Le succès de la bioaugmentation est lié à la bonne sélection des micro-organismes utilisés pour traiter un effluent donné. Ces bactéries, introduites dans l’environnement épuratoire, doivent en effet être hautement compétitives pour dominer la population bactérienne existante. Cette compétitivité dans la demande de substrats est due au faible Ks* de la cellule ainsi qu’à sa capacité de se développer rapidement dans un environnement favorable.
Traiter ces systèmes avec des bactéries spécifiques sélectionnées donne ainsi à l’opérateur un autre paramètre de contrôle qui accroît la fiabilité de la station d’épuration dont le rendement d’épuration en D.B.O. a atteint 98 % (+ ou – 1,5 %) dans les trois exemples cités. La production de boues y descendit à 0,25 – 0,32 pendant que les indices de Mohlmann étaient réduits à des valeurs de 110-165. L’examen microscopique révéla une population dominante de bacillus et autres bâtonnets Gram formant un floc dense et gros. Les taux de décantation s’améliorèrent en même temps que la turbidité de l’effluent rejeté. Si un bulking occasionnel s’est produit (cas de l’aération prolongée et du chenal d’oxydation), il a pu aisément être corrigé par une chloration dans les circuits de recirculation des boues.

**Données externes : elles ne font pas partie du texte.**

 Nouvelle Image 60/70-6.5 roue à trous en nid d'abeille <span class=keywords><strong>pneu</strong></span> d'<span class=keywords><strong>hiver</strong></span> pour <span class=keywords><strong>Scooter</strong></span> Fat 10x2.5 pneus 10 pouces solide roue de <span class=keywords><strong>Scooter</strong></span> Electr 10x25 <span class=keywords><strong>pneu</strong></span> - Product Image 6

En résumé, les bénéfices qui peuvent être réalisés en employant le procédé de la bioaugmentation sont de plusieurs sortes :
- — baisse de volume des boues, due à une hydrolyse plus efficace des matières colloïdales ;
- — établissement ou réactivation de l’activité bactérienne après des difficultés de démarrage, incidents divers ou chloration des boues recirculées ;
- — meilleures formation et décantation du floc ;
- — meilleure assimilation des déchets.
Enfin, l’exploitant réalisa des gains économiques sur l’enlèvement des boues et l’aération, ce qui compensa largement le coût du traitement.
La prochaine évolution des bactéries adaptées devrait concerner la biofixation. En effet, les micro-organismes, greffés sur un support minéral, acquièrent des propriétés de dégradation des toxiques et de rendement en milieu pauvre qui permettent d’envisager avec optimisme l’avenir de l’épuration biologique.
* Ks est égal à 50 % de la constante maximum de croissance de la bactérie à un taux de concentration donné.